● **HOW TO COMPLETE THIS TASK**
Your response must consist of the listing below, repeated exactly.
################
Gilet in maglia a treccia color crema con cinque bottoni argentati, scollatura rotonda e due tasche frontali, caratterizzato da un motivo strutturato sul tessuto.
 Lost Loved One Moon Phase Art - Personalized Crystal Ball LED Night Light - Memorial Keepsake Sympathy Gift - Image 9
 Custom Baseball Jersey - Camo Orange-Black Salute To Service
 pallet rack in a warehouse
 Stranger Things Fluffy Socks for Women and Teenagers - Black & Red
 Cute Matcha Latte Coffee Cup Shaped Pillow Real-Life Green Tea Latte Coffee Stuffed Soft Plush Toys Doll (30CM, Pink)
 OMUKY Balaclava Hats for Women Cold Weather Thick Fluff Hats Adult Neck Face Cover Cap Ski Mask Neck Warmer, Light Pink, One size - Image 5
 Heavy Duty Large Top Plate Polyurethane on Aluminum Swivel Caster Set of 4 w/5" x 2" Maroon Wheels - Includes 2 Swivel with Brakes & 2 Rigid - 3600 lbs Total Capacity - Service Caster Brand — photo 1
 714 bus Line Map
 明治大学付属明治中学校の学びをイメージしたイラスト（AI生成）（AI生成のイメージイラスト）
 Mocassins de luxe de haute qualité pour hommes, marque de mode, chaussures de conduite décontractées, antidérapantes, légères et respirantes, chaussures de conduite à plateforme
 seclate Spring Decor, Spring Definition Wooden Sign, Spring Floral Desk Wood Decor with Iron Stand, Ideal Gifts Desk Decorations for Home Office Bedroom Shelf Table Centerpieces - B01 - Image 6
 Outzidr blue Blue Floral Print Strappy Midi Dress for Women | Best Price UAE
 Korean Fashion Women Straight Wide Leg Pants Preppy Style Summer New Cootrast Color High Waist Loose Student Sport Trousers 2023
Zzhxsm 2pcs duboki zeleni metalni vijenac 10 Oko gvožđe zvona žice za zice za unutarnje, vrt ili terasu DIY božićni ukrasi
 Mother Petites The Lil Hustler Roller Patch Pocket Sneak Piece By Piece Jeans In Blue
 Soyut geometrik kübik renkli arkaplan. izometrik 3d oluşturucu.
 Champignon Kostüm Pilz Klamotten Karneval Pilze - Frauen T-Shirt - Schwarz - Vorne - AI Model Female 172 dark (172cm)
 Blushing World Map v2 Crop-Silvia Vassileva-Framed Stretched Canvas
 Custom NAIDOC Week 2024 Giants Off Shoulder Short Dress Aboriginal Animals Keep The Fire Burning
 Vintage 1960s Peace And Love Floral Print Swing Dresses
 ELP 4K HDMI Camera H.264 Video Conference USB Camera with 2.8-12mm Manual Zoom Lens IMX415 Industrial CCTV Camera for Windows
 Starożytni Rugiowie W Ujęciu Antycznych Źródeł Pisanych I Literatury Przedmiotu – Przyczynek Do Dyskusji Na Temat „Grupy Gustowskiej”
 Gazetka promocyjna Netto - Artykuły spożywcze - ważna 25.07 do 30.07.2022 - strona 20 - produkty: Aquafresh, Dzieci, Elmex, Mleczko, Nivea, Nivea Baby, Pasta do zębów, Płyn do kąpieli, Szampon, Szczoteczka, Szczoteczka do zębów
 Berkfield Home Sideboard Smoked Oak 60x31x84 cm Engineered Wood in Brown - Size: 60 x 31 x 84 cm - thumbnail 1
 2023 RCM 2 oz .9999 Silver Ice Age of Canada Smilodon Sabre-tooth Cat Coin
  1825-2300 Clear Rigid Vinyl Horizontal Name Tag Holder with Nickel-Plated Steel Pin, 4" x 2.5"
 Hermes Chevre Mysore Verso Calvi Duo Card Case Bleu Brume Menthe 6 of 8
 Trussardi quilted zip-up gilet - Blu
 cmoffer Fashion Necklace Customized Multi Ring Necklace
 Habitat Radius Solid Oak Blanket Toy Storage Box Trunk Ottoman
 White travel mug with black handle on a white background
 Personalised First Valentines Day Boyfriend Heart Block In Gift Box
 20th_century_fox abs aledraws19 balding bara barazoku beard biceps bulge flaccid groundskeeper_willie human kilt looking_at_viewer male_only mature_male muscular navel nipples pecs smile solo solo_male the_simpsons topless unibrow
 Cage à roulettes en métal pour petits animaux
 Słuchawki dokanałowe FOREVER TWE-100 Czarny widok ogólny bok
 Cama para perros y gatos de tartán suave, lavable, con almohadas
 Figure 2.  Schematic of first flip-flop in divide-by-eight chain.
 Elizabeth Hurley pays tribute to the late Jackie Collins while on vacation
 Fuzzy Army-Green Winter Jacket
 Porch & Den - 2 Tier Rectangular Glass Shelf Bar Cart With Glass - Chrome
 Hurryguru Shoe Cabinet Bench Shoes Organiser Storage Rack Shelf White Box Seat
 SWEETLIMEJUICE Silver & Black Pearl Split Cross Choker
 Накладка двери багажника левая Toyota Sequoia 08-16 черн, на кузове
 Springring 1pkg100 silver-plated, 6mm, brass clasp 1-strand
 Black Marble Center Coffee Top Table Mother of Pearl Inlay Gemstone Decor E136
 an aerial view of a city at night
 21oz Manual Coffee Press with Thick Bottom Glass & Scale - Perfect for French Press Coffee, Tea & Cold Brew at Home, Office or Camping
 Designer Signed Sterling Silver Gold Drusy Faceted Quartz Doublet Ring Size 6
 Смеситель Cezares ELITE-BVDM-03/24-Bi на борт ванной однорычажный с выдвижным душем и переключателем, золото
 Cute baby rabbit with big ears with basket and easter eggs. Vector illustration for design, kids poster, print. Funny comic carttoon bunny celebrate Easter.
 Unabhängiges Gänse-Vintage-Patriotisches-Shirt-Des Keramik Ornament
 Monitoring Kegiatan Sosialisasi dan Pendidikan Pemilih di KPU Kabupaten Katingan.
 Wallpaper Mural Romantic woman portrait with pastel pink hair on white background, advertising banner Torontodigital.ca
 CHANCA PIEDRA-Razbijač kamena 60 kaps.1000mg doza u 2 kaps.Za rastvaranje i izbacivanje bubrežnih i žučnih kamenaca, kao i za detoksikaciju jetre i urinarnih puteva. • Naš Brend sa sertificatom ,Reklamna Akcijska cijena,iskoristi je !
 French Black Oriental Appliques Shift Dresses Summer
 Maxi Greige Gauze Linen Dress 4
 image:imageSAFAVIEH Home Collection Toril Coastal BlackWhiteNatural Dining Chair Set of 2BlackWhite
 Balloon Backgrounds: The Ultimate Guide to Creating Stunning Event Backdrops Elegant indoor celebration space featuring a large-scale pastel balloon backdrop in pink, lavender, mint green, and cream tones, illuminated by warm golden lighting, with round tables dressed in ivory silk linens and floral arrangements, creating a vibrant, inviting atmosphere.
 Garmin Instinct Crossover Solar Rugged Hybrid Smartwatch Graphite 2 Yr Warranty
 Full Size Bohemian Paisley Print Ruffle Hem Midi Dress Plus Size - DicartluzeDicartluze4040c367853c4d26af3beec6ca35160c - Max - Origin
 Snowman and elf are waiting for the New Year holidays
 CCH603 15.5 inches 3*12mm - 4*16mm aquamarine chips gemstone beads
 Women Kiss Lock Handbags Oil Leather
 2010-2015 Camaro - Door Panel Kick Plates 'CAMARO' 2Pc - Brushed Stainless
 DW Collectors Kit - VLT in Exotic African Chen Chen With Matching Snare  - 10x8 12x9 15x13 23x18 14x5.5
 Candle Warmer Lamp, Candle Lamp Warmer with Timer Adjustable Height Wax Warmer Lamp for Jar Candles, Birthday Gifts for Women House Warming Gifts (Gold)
################
● **TASK RESPONSE**
Gilet in maglia a treccia color crema con cinque bottoni argentati, scollatura rotonda e due tasche frontali, caratterizzato da un motivo strutturato sul tessuto.
 Lost Loved One Moon Phase Art - Personalized Crystal Ball LED Night Light - Memorial Keepsake Sympathy Gift - Image 9
 Custom Baseball Jersey - Camo Orange-Black Salute To Service
 pallet rack in a warehouse
 Stranger Things Fluffy Socks for Women and Teenagers - Black & Red
 Cute Matcha Latte Coffee Cup Shaped Pillow Real-Life Green Tea Latte Coffee Stuffed Soft Plush Toys Doll (30CM, Pink)
 OMUKY Balaclava Hats for Women Cold Weather Thick Fluff Hats Adult Neck Face Cover Cap Ski Mask Neck Warmer, Light Pink, One size - Image 5
 Heavy Duty Large Top Plate Polyurethane on Aluminum Swivel Caster Set of 4 w/5" x 2" Maroon Wheels - Includes 2 Swivel with Brakes & 2 Rigid - 3600 lbs Total Capacity - Service Caster Brand — photo 1
 714 bus Line Map
 明治大学付属明治中学校の学びをイメージしたイラスト（AI生成）（AI生成のイメージイラスト）
 Mocassins de luxe de haute qualité pour hommes, marque de mode, chaussures de conduite décontractées, antidérapantes, légères et respirantes, chaussures de conduite à plateforme
 seclate Spring Decor, Spring Definition Wooden Sign, Spring Floral Desk Wood Decor with Iron Stand, Ideal Gifts Desk Decorations for Home Office Bedroom Shelf Table Centerpieces - B01 - Image 6
 Outzidr blue Blue Floral Print Strappy Midi Dress for Women | Best Price UAE
 Korean Fashion Women Straight Wide Leg Pants Preppy Style Summer New Cootrast Color High Waist Loose Student Sport Trousers 2023
Zzhxsm 2pcs duboki zeleni metalni vijenac 10 Oko gvožđe zvona žice za zice za unutarnje, vrt ili terasu DIY božićni ukrasi
 Mother Petites The Lil Hustler Roller Patch Pocket Sneak Piece By Piece Jeans In Blue
 Soyut geometrik kübik renkli arkaplan. izometrik 3d oluşturucu.
 Champignon Kostüm Pilz Klamotten Karneval Pilze - Frauen T-Shirt - Schwarz - Vorne - AI Model Female 172 dark (172cm)
 Blushing World Map v2 Crop-Silvia Vassileva-Framed Stretched Canvas
 Custom NAIDOC Week 2024 Giants Off Shoulder Short Dress Aboriginal Animals Keep The Fire Burning
 Vintage 1960s Peace And Love Floral Print Swing Dresses
 ELP 4K HDMI Camera H.264 Video Conference USB Camera with 2.8-12mm Manual Zoom Lens IMX415 Industrial CCTV Camera for Windows
 Starożytni Rugiowie W Ujęciu Antycznych Źródeł Pisanych I Literatury Przedmiotu – Przyczynek Do Dyskusji Na Temat „Grupy Gustowskiej”
 Gazetka promocyjna Netto - Artykuły spożywcze - ważna 25.07 do 30.07.2022 - strona 20 - produkty: Aquafresh, Dzieci, Elmex, Mleczko, Nivea, Nivea Baby, Pasta do zębów, Płyn do kąpieli, Szampon, Szczoteczka, Szczoteczka do zębów
 Berkfield Home Sideboard Smoked Oak 60x31x84 cm Engineered Wood in Brown - Size: 60 x 31 x 84 cm - thumbnail 1
 2023 RCM 2 oz .9999 Silver Ice Age of Canada Smilodon Sabre-tooth Cat Coin
  1825-2300 Clear Rigid Vinyl Horizontal Name Tag Holder with Nickel-Plated Steel Pin, 4" x 2.5"
 Hermes Chevre Mysore Verso Calvi Duo Card Case Bleu Brume Menthe 6 of 8
 Trussardi quilted zip-up gilet - Blu
 cmoffer Fashion Necklace Customized Multi Ring Necklace
 Habitat Radius Solid Oak Blanket Toy Storage Box Trunk Ottoman
 White travel mug with black handle on a white background
 Personalised First Valentines Day Boyfriend Heart Block In Gift Box
 20th_century_fox abs aledraws19 balding bara barazoku beard biceps bulge flaccid groundskeeper_willie human kilt looking_at_viewer male_only mature_male muscular navel nipples pecs smile solo solo_male the_simpsons topless unibrow
 Cage à roulettes en métal pour petits animaux
 Słuchawki dokanałowe FOREVER TWE-100 Czarny widok ogólny bok
 Cama para perros y gatos de tartán suave, lavable, con almohadas
 Figure 2.  Schematic of first flip-flop in divide-by-eight chain.
 Elizabeth Hurley pays tribute to the late Jackie Collins while on vacation
 Fuzzy Army-Green Winter Jacket
 Porch & Den - 2 Tier Rectangular Glass Shelf Bar Cart With Glass - Chrome
 Hurryguru Shoe Cabinet Bench Shoes Organiser Storage Rack Shelf White Box Seat
 SWEETLIMEJUICE Silver & Black Pearl Split Cross Choker
 Накладка двери багажника левая Toyota Sequoia 08-16 черн, на кузове
 Springring 1pkg100 silver-plated, 6mm, brass clasp 1-strand
 Black Marble Center Coffee Top Table Mother of Pearl Inlay Gemstone Decor E136
 an aerial view of a city at night
 21oz Manual Coffee Press with Thick Bottom Glass & Scale - Perfect for French Press Coffee, Tea & Cold Brew at Home, Office or Camping
 Designer Signed Sterling Silver Gold Drusy Faceted Quartz Doublet Ring Size 6
 Смеситель Cezares ELITE-BVDM-03/24-Bi на борт ванной однорычажный с выдвижным душем и переключателем, золото
 Cute baby rabbit with big ears with basket and easter eggs. Vector illustration for design, kids poster, print. Funny comic carttoon bunny celebrate Easter.
 Unabhängiges Gänse-Vintage-Patriotisches-Shirt-Des Keramik Ornament
 Monitoring Kegiatan Sosialisasi dan Pendidikan Pemilih di KPU Kabupaten Katingan.
 Wallpaper Mural Romantic woman portrait with pastel pink hair on white background, advertising banner Torontodigital.ca
 CHANCA PIEDRA-Razbijač kamena 60 kaps.1000mg doza u 2 kaps.Za rastvaranje i izbacivanje bubrežnih i žučnih kamenaca, kao i za detoksikaciju jetre i urinarnih puteva. • Naš Brend sa sertificatom ,Reklamna Akcijska cijena,iskoristi je !
 French Black Oriental Appliques Shift Dresses Summer
 Maxi Greige Gauze Linen Dress 4
 image:imageSAFAVIEH Home Collection Toril Coastal BlackWhiteNatural Dining Chair Set of 2BlackWhite
 Balloon Backgrounds: The Ultimate Guide to Creating Stunning Event Backdrops Elegant indoor celebration space featuring a large-scale pastel balloon backdrop in pink, lavender, mint green, and cream tones, illuminated by warm golden lighting, with round tables dressed in ivory silk linens and floral arrangements, creating a vibrant, inviting atmosphere.
 Garmin Instinct Crossover Solar Rugged Hybrid Smartwatch Graphite 2 Yr Warranty
 Full Size Bohemian Paisley Print Ruffle Hem Midi Dress Plus Size - DicartluzeDicartluze4040c367853c4d26af3beec6ca35160c - Max - Origin
 Snowman and elf are waiting for the New Year holidays
 CCH603 15.5 inches 3*12mm - 4*16mm aquamarine chips gemstone beads
 Women Kiss Lock Handbags Oil Leather
 2010-2015 Camaro - Door Panel Kick Plates 'CAMARO' 2Pc - Brushed Stainless
 DW Collectors Kit - VLT in Exotic African Chen Chen With Matching Snare  - 10x8 12x9 15x13 23x18 14x5.5
 Candle Warmer Lamp, Candle Lamp Warmer with Timer Adjustable Height Wax Warmer Lamp for Jar Candles, Birthday Gifts for Women House Warming Gifts (Gold)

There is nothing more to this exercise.